Google Slays Earnings Beast, Smacks ComScore
Mess with Google's mind share, and feel the backlash. That's the lesson ComScore learned Thursday after Google handily beat first-quarter financial expectations by announcing a 31 percent profit and paid click growth of 20 percent.
No one is disputing Google's paid clicks are down--they grew 30 percent last quarter--but ComScore foreshadowed something worse than what it was and found itself at the business end of an 8 percent drop in shares. Meanwhile, Google shares burbled up 17 percent in after-hours trading.
Don't think Google didn't pay attention to the paid click naysayers. On the call Thursday, Google Chief Executive Eric Schmidt said: "It is also interesting to note that paid click growth is much higher than has been speculated by third parties." If that isn't a dart lofted in the direction of ComScore, I don't know what is.
Google racked up 100 search quality improvements in the quarter, according to co-founder Sergey Brin. Most of these improvements were made overseas in countries such as Japan and Korea.
There is also a new search-within-a-search feature to help users search better within a site, a tool that has sparked controversy among retailers concerned about Google usurping their ad traffic.
And, just yesterday, Google News started providing quotes to accompany searches of folks such as Barack Obama and Hillary Clinton. I don't have much use for this, but it's the kind of the feature that will be a boon for college students doing research papers.
Brin was also quite proud of Google's improved mobile search quality and market growth, as well as a new version of YouTube Mobile.
Google co-founder Larry Page talked up the company's ads and Apps. Page noted the company launched demographic targeting in its ads on social networks. When pressed on more details for this during the Q&A, he said:
"The challenge and the opportunity there is [that] there's a huge amount of inventory. We have obviously MySpace, Orkut in our network and a number of other social networks. There's a lot of usage of those, so there is a tremendous amount of inventory. Part of it is just getting that advertiser ecosystem built up and targeting that inventory and doing it in a way that makes sense for those advertisers."
Unfortunately, no vendor has really figured out how to do that yet and there have been more failures (Beacon) than marked successes. There is inventory, but will Google succeed in placing it? My money is on yes now that it has seen the failures of others.

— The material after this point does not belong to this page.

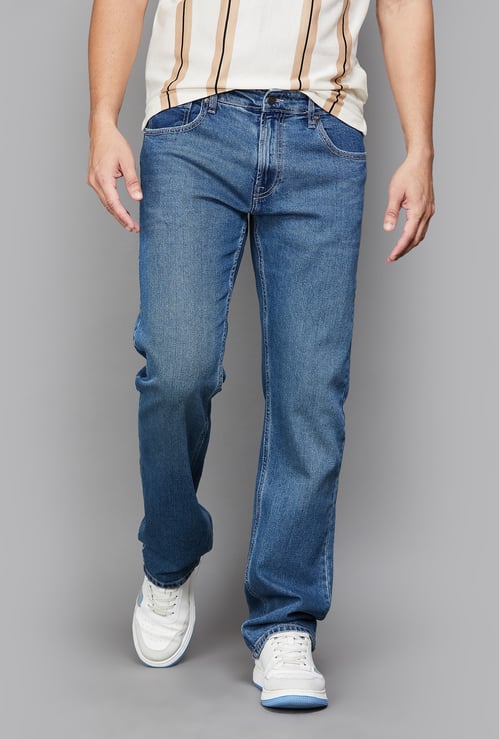 PEPE JEANS Washed Regular Straight Jeans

YouTube got Google particularly excited in Q1. Noting that 10 hours of video are uploaded every minute at YouTube, Page said InVideo ads are getting great adoption, with customers broadening their campaigns for the format.
Moreover, AdSense for Videos lets InVideo ads run on sites besides YouTube. He said these were doing well, with much more click-through ads than banner ads.
The big news in Google Apps for the quarter was Google Sites, which is essentially the company's JotSpot assets reimagined by Google. Offline access for Google Docs and the new Salesforce.com integration received honorable mentions.
Oh yeah. Google won Fortune's best place to work award for two years in a row. As long as those ad dollars from paid clicks keep rolling in, and the profits keep the company in the black, I don't see this changing, regardless of what happens with Microhoo in 2008.